Table 1. Compared with the resting state, the variations of MAP, Q, max CO velocity, and CAF of the three models under the pressure amplitude of approximately 200 mmHg, where IP is increased percentage.
Figure 5. The variations of global area-averaged WSS and the maximum flow moment WSS of three coronary arteries under different pressure amplitudes.
Figure 6. The variations of global OSI of three coronary arteries under different pressure amplitudes.
The Effect of Pressurization Duration
Differing from the pressure amplitude, the hemodynamic effects of the pressurization duration on the cardiovascular intervention were more obvious. By fixing the starting moment of pressurization (ts) and changing the pressure release moment (te) to simulate different pressurization durations (th), it was observed that the MAP, CAF, and maximum CO velocity presented an obvious increase as the pressurization duration increased, whereas the variations of Q did not have a significant law, as shown in Figure 7. When the pressure was released at 0.7 s within a cardiac cycle, the acute variations of MAP, Q, maximum CO velocity and CAF were observed, as shown in Table 2. Compared with the influence of pressure amplitude, the increases of MAP, CAF and maximum CO velocity by longer pressurization duration were greater, whereas the increase of Q was at the same level.

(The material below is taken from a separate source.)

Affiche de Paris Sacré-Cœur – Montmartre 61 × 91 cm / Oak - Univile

Moreover, the global area-averaged WSS for all three coronary artery models presented a more pronounced increase compared with the influence of the pressure amplitude, as shown in Figure 8.

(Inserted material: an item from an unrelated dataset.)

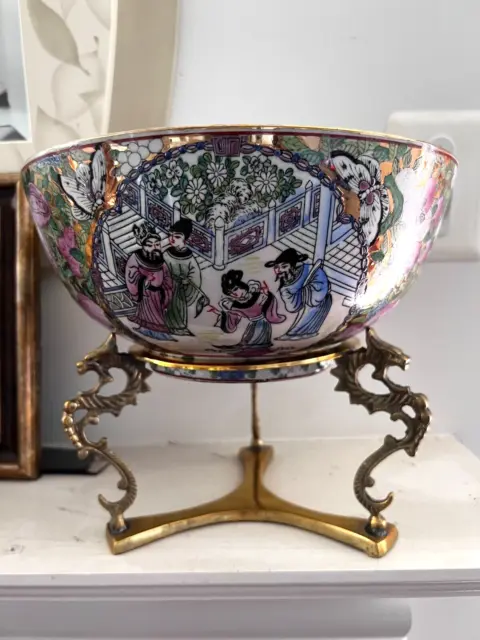 Vintage Hand Painted Famille Rose LARGE BOWL W/ Dragon BRASS STAND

Table 2. Compared with the resting state, the variations of MAP, Q, max CO velocity, and CAF of the three models when the pressure was released at 0.7 s, where IP is increased percentage.
Figure 8. The variations of global area-averaged WSS and the maximum flow moment WSS of three coronary arteries under different pressurization durations.

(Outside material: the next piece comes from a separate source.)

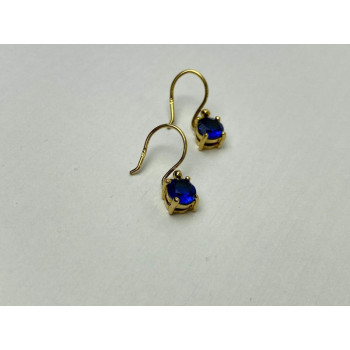 925 Sterling Silver Gold Plated Sapphire Spinel Earrings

The influences of different pressurization durations on the OSI are shown in Figure 9. It can be seen that the increase in both pressure amplitude and pressurization duration had a slight impact on the OSI of the coronary artery. Table 3 shows the average values of time-averaged WSS (TAWSS) and area-averaged OSI of the global coronary arteries under various counterpulsation modes. In addition, to observe the variations of the hemodynamic risk areas of the vascular inner wall (WSS < 1, WSS > 7, and OSI > 0.2), the ratio of the hemodynamic risk areas in the three models under different counterpulsation modes was extracted (see Table 3). We also compared the Q values calculated under the different modes. It can be seen from the results that with increased pressure amplitude, the low WSS and high OSI areas decreased, and the increased pressurization duration significantly increased the excessive WSS area. However, the Q values presented an indistinct law under the different modes.
Figure 9. The variations of global OSI of three coronary arteries under different pressurization durations.
Table 3. Variations of TAWSS, OSI, Q value, and the ratio of the hemodynamic risk area in the three models under different counterpulsation modes.
Clinical Validation Results
The physiological indicators calculated using the standard and individualized models are shown in Table 4. In the resting state and counterpulsation state, the comparison of aortic pressure waveforms between the clinical measurements and the simulated results using the two individualized models is shown in Figure 10. The ratio of RMSE between pressure waveforms of the two samples were 6.67% and 6.51%. We also compared the waveforms of CO and coronary flow from the standard model with the clinical reports both in the resting state and counterpulsation state, taken from our previous study (Li et al., 2019a, Med. Biol. Eng. Comput.). These results revealed that whether resting or counterpulsation is considered, the physiological indicators calculated by the standard model matched most people’s clinical standards. The indicators calculated by the individual models were consistent with the real measurements obtained from the two subjects. Based on these comparisons, it can be seen that there were some errors between the model-simulated results and the clinical measurements during the counterpulsation state. However, these errors were within an acceptable range.
Figure 10. The comparison of aortic pressure waveforms between the clinical measurements and the simulated results from the two individualized model in the resting state and counterpulsation state.
Discussion
Analysis of Different EECP Modes Affecting Hemodynamics
Based on the results described, the coronary flow and global TAWSS of the coronary arteries slightly increased with increased pressure amplitude. For the standard model, it can be found from Figure 4 that when the pressure was higher than approximately 200 mmHg, minimal change was observed. This result might be due to the effect of the vascular collapse model. The previous study (Li et al., 2019b, Biomed. Eng. Online) had presented the critical external pressure value for the vascular collapse of the external iliac artery in the standard model, which was approximately 200 mmHg. When the pressure was greater than this critical value, the external iliac artery collapsed, and it was difficult to observe any additional effects, even with further increases in pressure amplitude. The critical pressure values for vascular collapse for the three models were not the same due to the different vascular properties and blood pressures of each individual.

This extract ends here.